# Beachwheels Kayak Cart Beach



## kayakone (Dec 7, 2010)

A few people have made enquiries lately about carts, and a few with heavy kayaks such as a Hobie AI.

Whatever you paddle or pedal, I don't think you can go past these. I bought one 6 months ago, and never looked back. It will carry a fully loaded AI (with camping gear; fishing gear; and food and water, with ease. Safe working load is 80 kgs.










The cart is the Kayak Cart Beach (KCB). 
http://www.wheeleez.com/kayak-cart-beach.php ... and the Australian supplier is Beachwheels Australia
http://beachwheelsaustralia.com/the-kay ... z-wz1-kcb/



















*Note the stainless steel snap clip with allows dimantling of the balloon wheels for transpoting. The frame collapses nearly flat.*










*The only modification I have done is I replaced the 2.5 cm Wheeleez tape with a longer one (adjustable via a tape knot). This has lowered the lift height required for heavy yaks like the AI.*

The reports so far from others who have these carts are all good. Sunshiner's mob, Noosa Yakkers, must have about 50 of them now, and have had them for up to a year or so, with not one report (as far as I know) of any problems.

Quite simply, the KCB makes shifting kayaks easy.

trev


----------



## BIGKEV (Aug 18, 2007)

x2 on these things, they are amazing. I dragged my yak (borrowed K1's trolley) up a steep and very soft sand dune cutting with ease. It was a job that I had been dreading but this thing made it remarkably easy.

I will be getting one in the near future, they are worth every cent.

Kev


----------



## Guest (Jan 7, 2013)

Comment removed


----------



## Huwie (Mar 16, 2008)

They also work for dogs.


----------



## Agent009 (Jan 3, 2012)

How do these compare with C-Tug?

Which is the better product? C-Tug have good reviews and can be found for half the price if you look around.


----------



## tomsie (Jul 25, 2008)

I have a c-tug and it is utterly craptastic for pulling my evo through anything sandy (drags the yack off the trolley no matter how tight it's strapped on) - Looking at replacing with these very soon as they seem much better suited for beach launching.

Matt


----------



## Agent009 (Jan 3, 2012)

Thanks Matt


----------



## kayakone (Dec 7, 2010)

SteveR said:


> Are they wider than Hobie sand wheels? If so, how much?

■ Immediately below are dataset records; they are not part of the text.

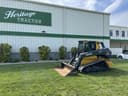 2024 John Deere 333P Image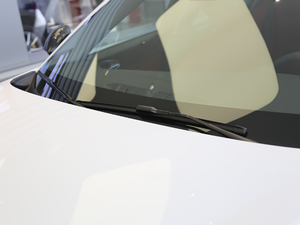 2019280HP A Black Package ˢ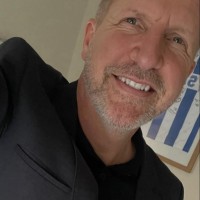 Bishop Property Consultants Employee Jonathan Mrics's profile photo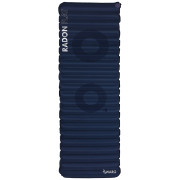 Saltea autogonflabilă Warg Radon Flat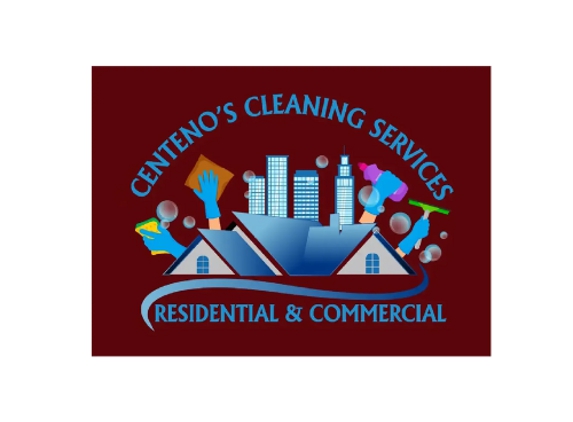 Centeno’s Cleaning Services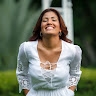 Darianna Andujar
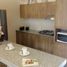 Appartement 2 chambre à vendre à Zapopan, Jalisco, Zapopan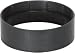 Dayton PT3-CR 3" Coupler Ring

Considerably... these are 17 cms wide (unladen). Not sure of the Hobie wheel dimensions, but they are narrower. Also, the Hobie wheels are only 24 cm diameter, whereas these are 30 cm, so much less rolling resistance.



Agent009 said:


> How do these compare with C-Tug?
> 
> Which is the better product? C-Tug have good reviews and can be found for half the price if you look around.





BIGKEV said:


> x2 on these things, they are amazing. I dragged my yak (borrowed K1's trolley) up a steep and very soft sand dune cutting with ease. It was a job that I had been dreading but this thing made it remarkably easy.
> 
> I will be getting one in the near future, they are worth every cent.
> 
> Kev


Is that your answer? This was a fully loaded Evo 495, and the ramp was about 30 degrees, had very soft sand and also had two 250 cm dirt jump-ups as well. The C-tug would have been impossible.

trev


----------



## sunshiner (Feb 22, 2006)

Yep, every yakker I know who has one of these and has to contend with soft sand thinks they are one of the best accessories they've ever purchased. There is one minor issue, however. The wheels alone are very expensive and thus could be attractive to thieves. This means that to thwart them you need to either secure the wheels somewhere they can't be accessed or devise a security system so that they can't easily be separated from the frame, which can be locked to any appropriate anchor point. The clips which are supplied to make it easy to remove and replace the wheels are (a) unreliable (one of mine disappeared between the car and the beach), and (b) not a suitable means of securing the wheels. Among the solutions that Noosa Yakkers have devised are locks which go through the holes used by the wheel clip, and bolts and other arrangements which require tools to separate the wheels from the frame. Note that the wheels alone are very big, and will probably not fit into most fishing kayak hatches.

In over a hundred beach launches I have never had an issue with them and have never adjusted the tyre pressure. I keep the puncture repair kit in the car glove box just in case.

Kev


----------



## Salty Dog (Sep 18, 2005)

Hey sunshiner, noticed you have a fibreglass yak. This cart any good for glass, no problems with slippage?


----------



## sunshiner (Feb 22, 2006)

Salty Dog said:


> Hey sunshiner, noticed you have a fibreglass yak. This cart any good for glass, no problems with slippage?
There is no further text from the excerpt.